To determine whether a likelihood of confusion has been shown in a particular case, the Examiner must consider the factors summarized in In re E.I. DuPont DeNmours & Co., 476 F.2d 1357 (CCPA 1973). In re Coors Brewing Co., 343 F.3d 1340, 1343 (Fed. Cir. 2003). The DuPont factors are: (1) The similarity or dissimilarity of the marks in their entireties as to appearance, sound, connotation and commercial impression; (2) The similarity or dissimilarity and nature of the goods or services as described in an application or registration or in connection with which a prior mark is in use; (3) The similarity or dissimilarity of established, likely-to-continue trade channels; (4) The conditions under which, and buyers to whom, sales are made; (5) The fame of the prior mark; (6) The number and nature of similar marks in use on similar goods; (7) The nature and extent of any actual confusion; (8) The length of time during and conditions under which there has been concurrent use without evidence of actual confusion; (9) The variety of goods on which a mark is or is not used (house mark, "family" mark, product mark); (10) The market interface between applicant and the owner of a prior mark; (11) The extent to which applicant has a right to exclude others from use of its mark on its goods; (12) The extent of potential confusion; (13) Any other established fact probative of the effect of use. In re DuPont, 476 F.2d at 1361. The first two DuPont factors should always be considered by the Examiner, while the remaining factors must be considered only if relevant evidence is introduced into the record. T.M.E.P. § 1207.01.

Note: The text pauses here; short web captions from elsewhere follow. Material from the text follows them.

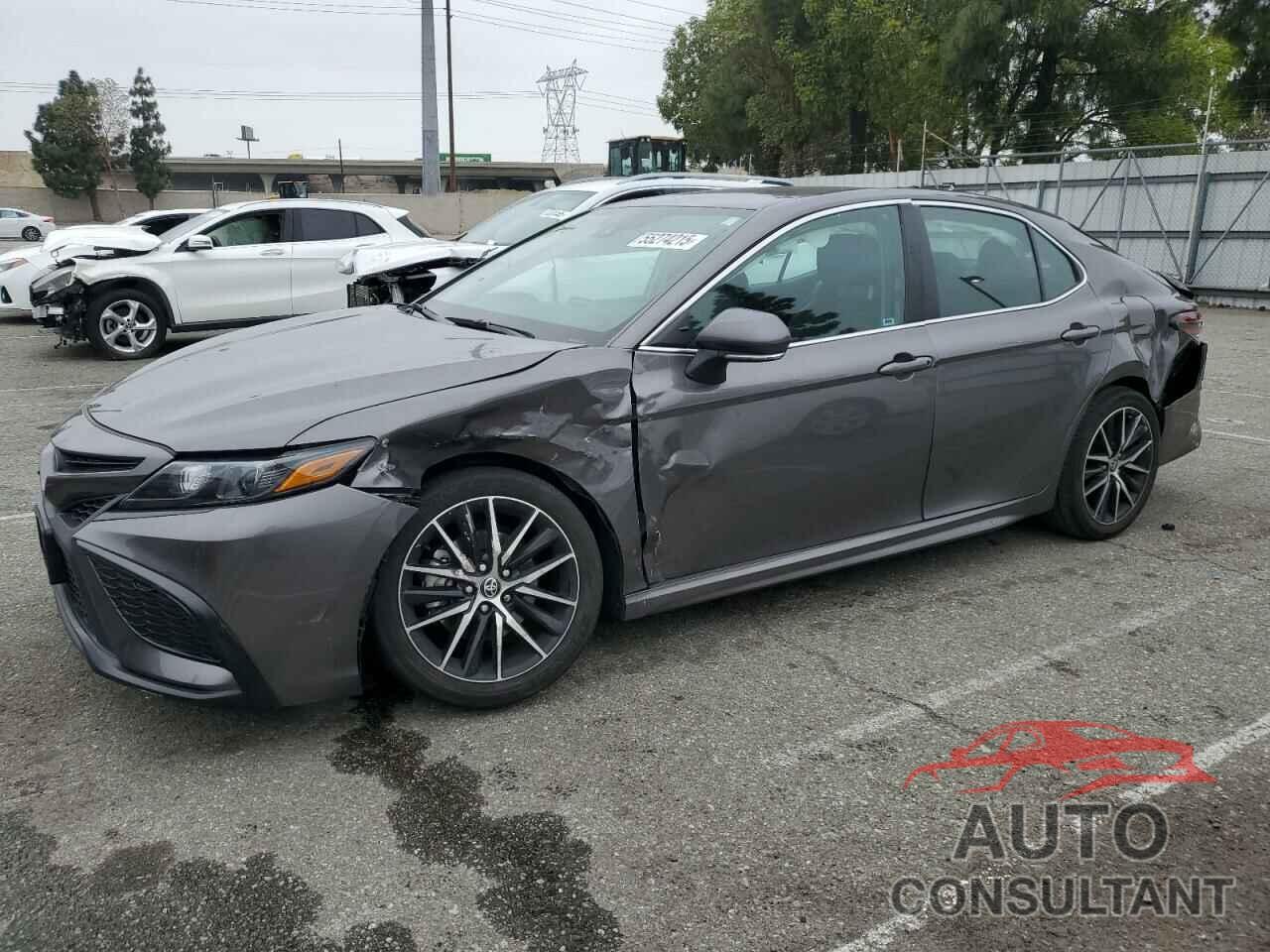 TOYOTA CAMRY 2023 - 4T1G11AK1PU758171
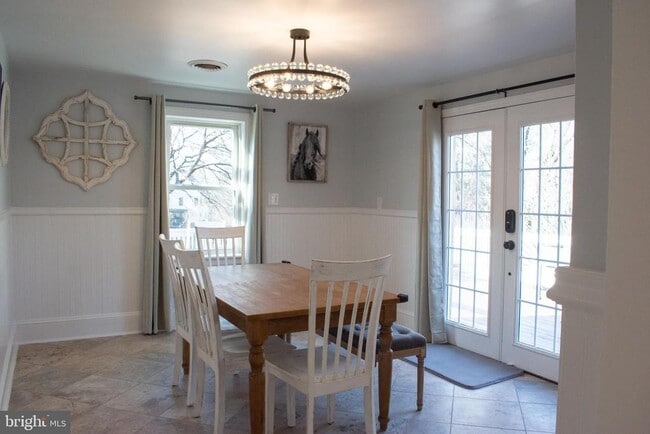 Photo - 1548 Weston Ln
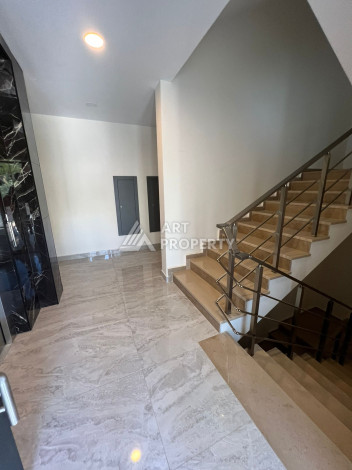 Шикарный дуплекс в уютном жилом комплексе планировки 3+1 в районе Тепе, 225м2 - Ракурс 16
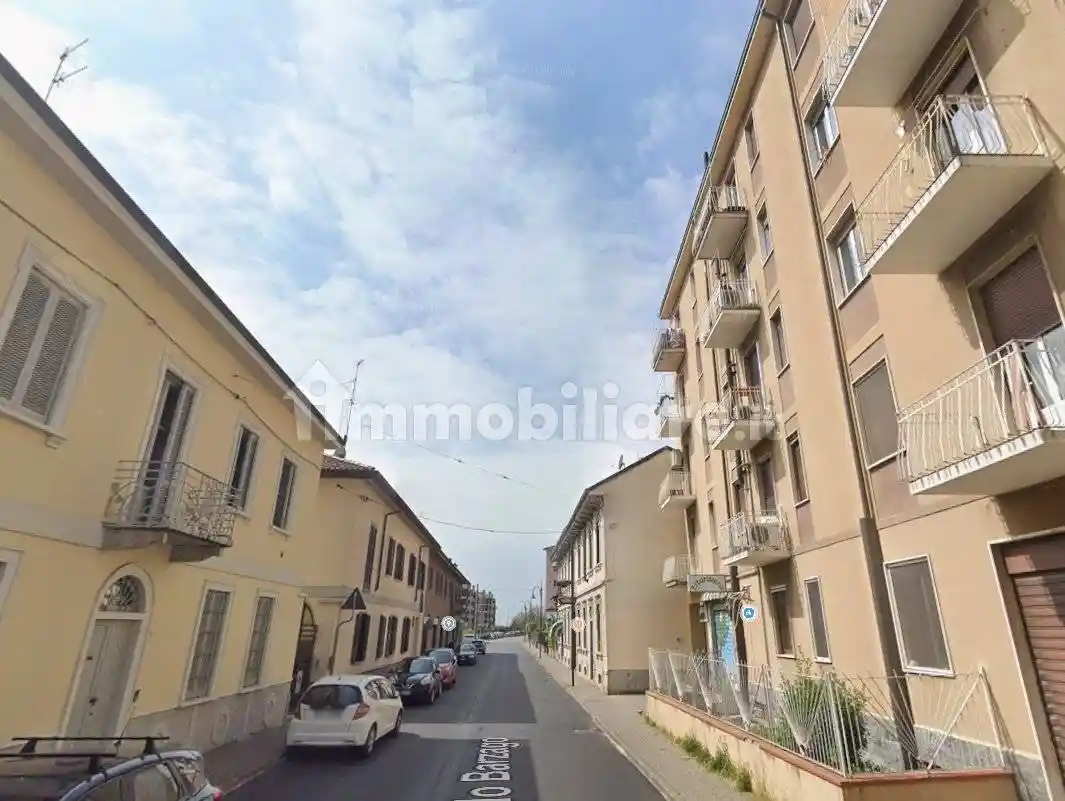 Bilocale via Angelo Barzago 6, Bussero - foto 2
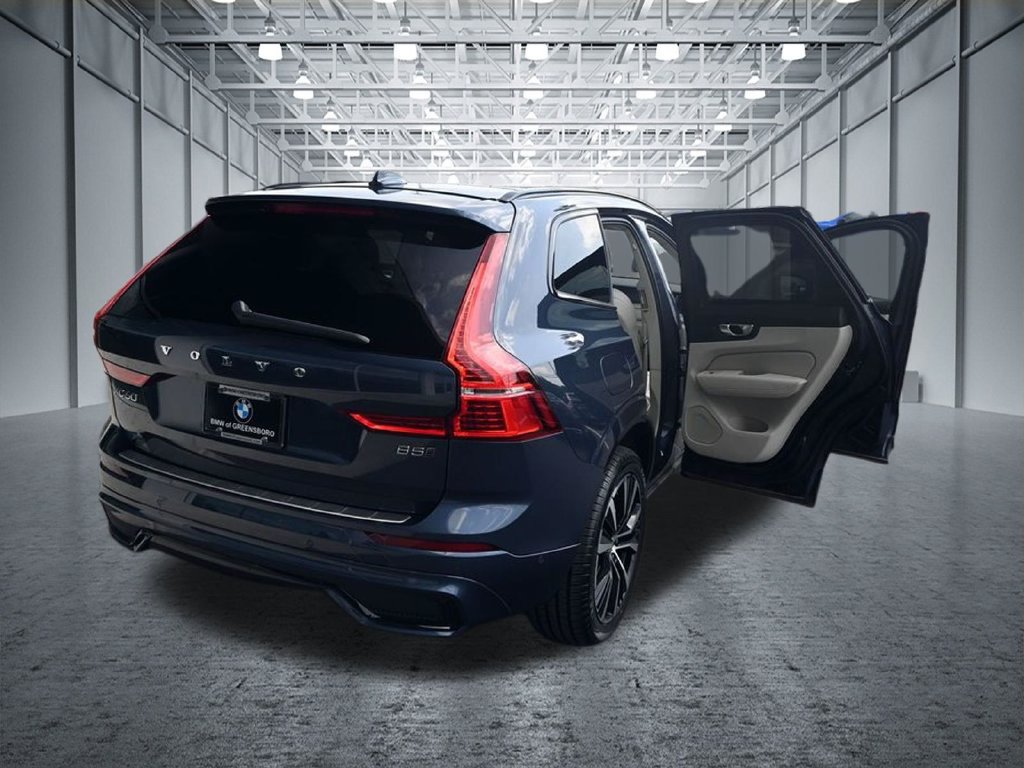 Used 2024 Volvo XC60 B5 Ultimate w/ Protection Package Premier AWD/4WD image 39
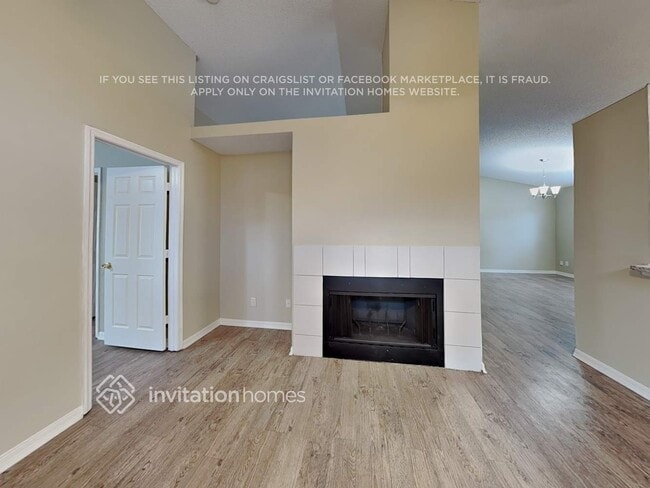 Building Photo - 13768 Meadowpark Ave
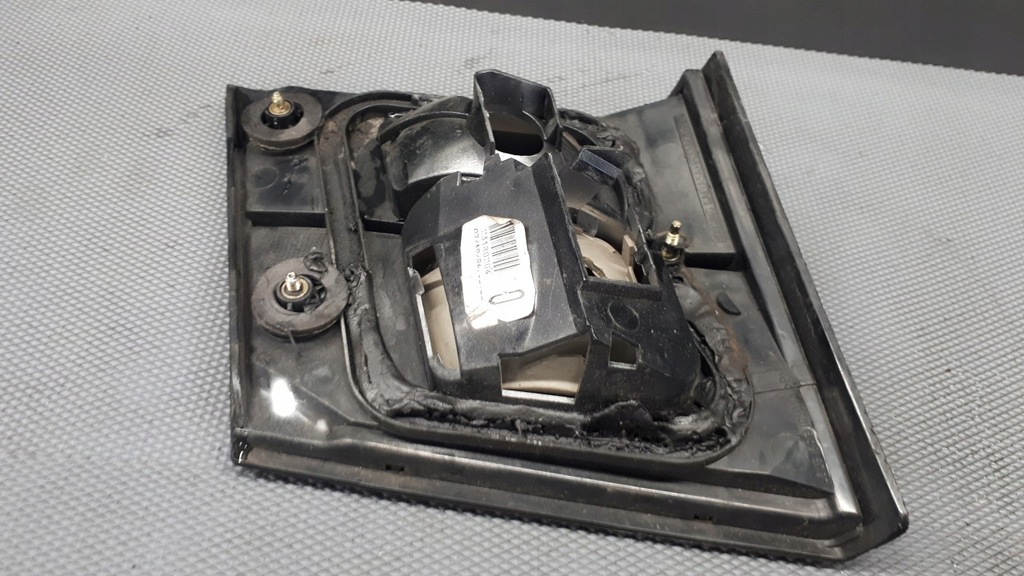 фото №11, 23180204 лампа правая nissan primera p11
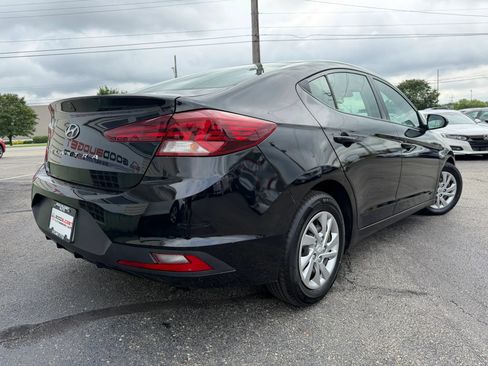 Used 2019 Hyundai Elantra SE FWD image 13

A. Similarity of the Marks
Consistent with its existing registration, Applicant is seeking to register a standard character mark for SYNERGY. The Registrant also has a standard character mark for SYNERGY.
B. Nature and Similarity of Goods/Services and Market Interface between the Mark Owners.
The Examiner points to a number of trademark registrations issued to companies that claim to sell both horseshoes and products that are the same or similar to those sold by the Applicant. Eight of the ten cited registrations were issued to Chinese companies. The Commissioner of Trademarks has acknowledged a dramatic increase in Chinese filings, many of which do not seem legitimate. See Statement of Commissioner for Trademarks Mary Boney Denison before the United States House Subcommittee on Courts, Intellectual Property, and the Internet Committee on the Judiciary, attached hereto as Exhibit A. These applications “appear to be rife with false information.” See Flood of Trademark Applications from China Alarms U.S. Officials, attached hereto as Exhibit B. The undersigned conducted a Google search which could not find any examples of the registered marks in use on horseshoes or even horse related products, although several are apparently in use on products designed for dogs.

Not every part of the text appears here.